Xuri,
I don't think you can use functions in the load statement like that. To do
something like that you'd need to write your own LoadFunc. As far as I can tell
at a glance, and I haven't used Pig 0.11 much, the new DateTime functions are
eval functions. That means they only operate on tuples during execution
(map-reduce or whatever emulates map-reduce in local mode) and _after_ the
input location has been resolved.
--jacob
@thedatachef
On Jul 30, 2013, at 1:30 AM, Xuri Nagarin wrote:
> Thanks Jacob.
>
> I threw in a little bash shell hack to make it simpler. Before I run the
> pig script, I run a bash script that stores timestamps in a day for every
> 20 minutes:
>
> *Shell*
>
> dt1=`date -u +%Y-%m-%dT00:00:00.000Z -d "10 days ago"` #10 days ago because
> I get data 10 days late :-)
>
>
> for ((i=0;i<1430; i=i+10)) ; do date -u "+%Y-%m-%dT%H:%M:%S.000Z" -d "$dt1
> +$i mins"; done
>
> Gives me:
> .
> .
> 2013-07-20T22:00:00.000Z
> 2013-07-20T22:10:00.000Z
> 2013-07-20T22:20:00.000Z
> 2013-07-20T22:30:00.000Z
> .
> .
>
> If the file above is generated by using the date as filename then I call it
> in my pig script as:
>
> %declare filepath `date -u +%Y-%m-%d -d "10 days ago"`;
> A1 = LOAD '$filepath.ts' USING PigStorage() AS (dt:datetime);
>
> Now, I can iterate over it:
>
> B = FOREACH A1 {
>
> C = FILTER A BY timestamp > 'dt' AND timestamp <
> 'AddDuration(ToDate(dt),PT20M)' ;
> .
> do something()
> }
>
> What I want to do is not use the bash command and instead use Pig's
> datetime functions. Unfortunately, I am stuck in syntactical hell.
>
> A = LOAD
> '/path/to/logs/ToDate(SubtractDuration(CurrentTime(),'P3D'),'yyyy-MM-dd')'
> USING PigStorage();
>
> yields:
> "2013-07-29 23:28:05,565 [main] ERROR org.apache.pig.tools.grunt.Grunt -
> ERROR 1200: <line 1, column 66> mismatched input 'P3D' expecting SEMI_COLON"
>
> I have tried various combinations of enclosing the date calculation
> functions in single quotes, brackets etc but can't seem to get anything to
> work :(
>
>
>
>
> On Mon, Jul 29, 2013 at 6:05 AM, Jacob Perkins
> <[email protected]>wrote:
>
>> Hi Xuri,
>>
>> This illustrates the use case for a UDF I've had to implement in one form
>> or another called 'FilterBag'. It's essentially just Pig's builtin "FILTER"

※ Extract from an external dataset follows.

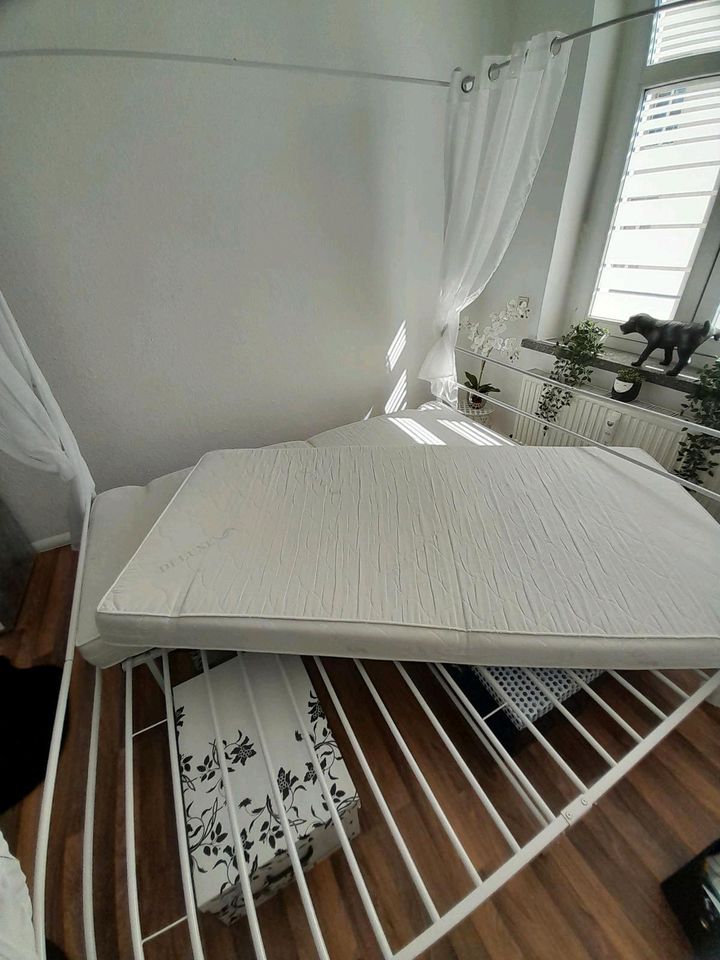 Himmelbett mit Matratzen(Metall 180x200cm) in Limbach-Oberfrohna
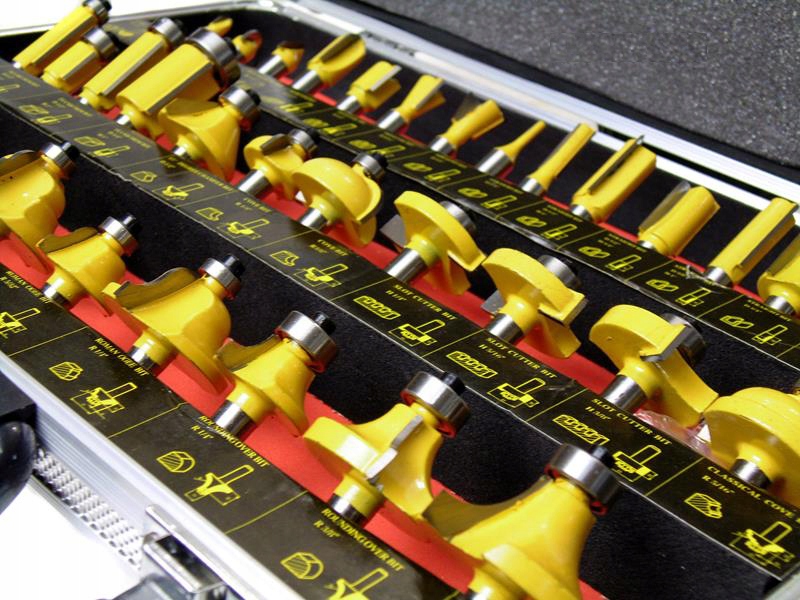 GRAPHITE FREZARKA GÓRNOWRZECIONOWA 59G717 TULEJE 6-8-12mm +FREZY 35 WALIZKA Maksymalna moc 1300 W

>> but would work like so (using your pseudocode):
>>
>>
>> A = load 'input' as (timestamp, worker, output);
>>
>> --
>> -- Assuming you want to restrict each calculation to a day. ToDay is most
>> likely going to be Piggybank's
>> -- ISOToDay truncation udf
>> --
>> with_day = foreach A generate timestamp, ToDay(timestamp) as day, worker,
>> output;
>>
>> --
>> -- First you'll have to get all output for a given worker on a given day
>> into single bag
>> --
>> worker_output = foreach (group with_day by (worker, day)) {
>> -- this relation (worker_output) will have one
>> tuple per unique worker, day, and timestamp
>> timestamps = distinct with_day.timestamp;
>> generate
>> flatten(group) as
>> (worker, day),
>> flatten(timestamps) as t1,
>> with_day.(timestamp, output) as outputs; -- A
>> bag that contains all of this workers output and their timestamps for this
>> day
>> };
>>
>> --
>> -- Next, filter each "outputs" bag to contain only outputs that occurred
>> within a 10 minute (or whatever time unit of interest) window from the
>> -- timestamp, looking forward (whether you look forward, back, or both is
>> up to you)
>> --
>> windowed = foreach worker_output {
>> -- FilterBag(bag, field_num, comparison_string,
>> to_compare)
>> -- bag: bag to filter
>> -- field_num: 0 indexed field num of the tuples in the
>> bag to use for comparison to "to_compare"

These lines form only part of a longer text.